AmigaOS is the only one that sends messages without copying them too. I understand your argument, I understand why the other operating systems do it that way. I don't buy that it's the correct way that AmigaOS should work.
AmigaOs passes by reference because that's simply the only thing that could reasonably be done back then with the limited resources of the 68K. Other systems had no multithreading at all (Apple, MS) and would require running in circles to create the illusion (MacOs copying entire patch-tables for its system resource to keep programs happy, as in "SetFunction() would be task specific". If you would construct a system nowadays, you would probably just copy the messages from one address space to another, just to make sure that you isolate tasks properly. But that's an entirely different discussion. At least theoretically, message passing by pointers is working. But given that there is not even an interface to query memory requirements of devices makes the current system completely corrupt. The end user simply "has to know" what a device can do, and there is not even a central repository to store such information. It is exclusively used by the filing system, but *other* programs having to access the harddisk somehow have to know the right values "by magic". Or not - and create a disaster.
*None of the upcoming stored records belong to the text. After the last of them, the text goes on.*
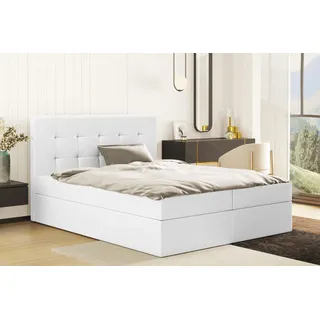 kaiser möbel Boxspringbett mit matratze und bettkasten, Schlafbett LUDANO 140 cm x 200 cm stoff Cayenne Weiß H3 - Weiß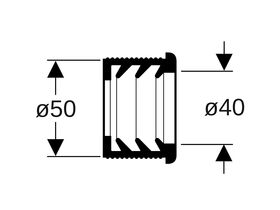 Geberit Rubber Trap Adaptor 56mm x 40mm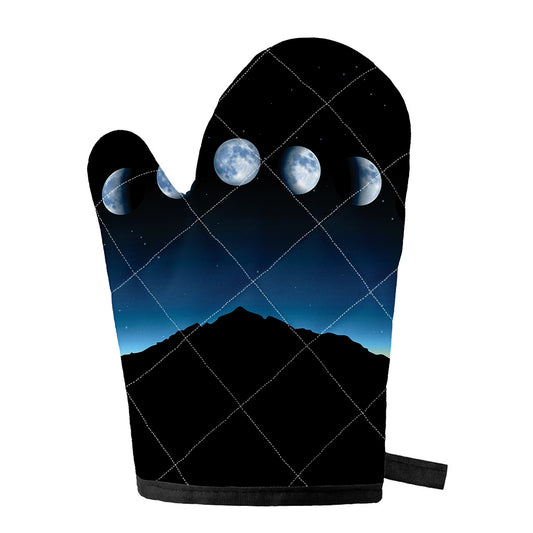 Night Sky And Moon Phase Print Single Oven Mitt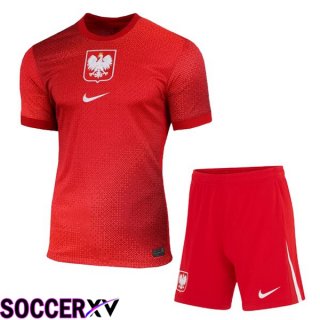 Poland Kids Away Soccer Jersey Red UEFA Euro 2024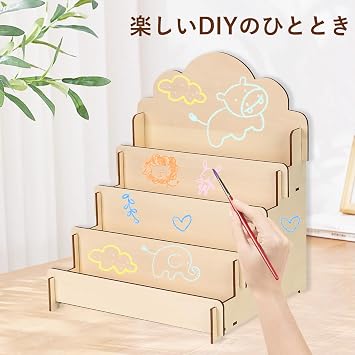 Display Stand, Card Display Rack, Postcard Holder, 4 Tiers, Large Capacity, Durable, Collection Display, Display Shelf, Wooden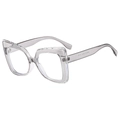 Fashionable oversized square blue light blocking glasses in transparent grey frame - Grey Frame (Transparent Grey)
I've been in a similar position to you where I've justified each component doing copies on a framework that I built, but it all ended up being memory hungry and slow. On a further redesign I was able to reverse my decision and the difference was visible.
But we're talking about AmigaOs, and as I already said: At *some* point, the copy has to be made. At file system level, or at device level. The question is just *where*. And the answer is quite obvious: Whoever created the mess must clean up. So it's the device because that's the only point where all the knowledge about constraints and restrictions is known. Hopefully. The filing system or the end user can hardly know all the details.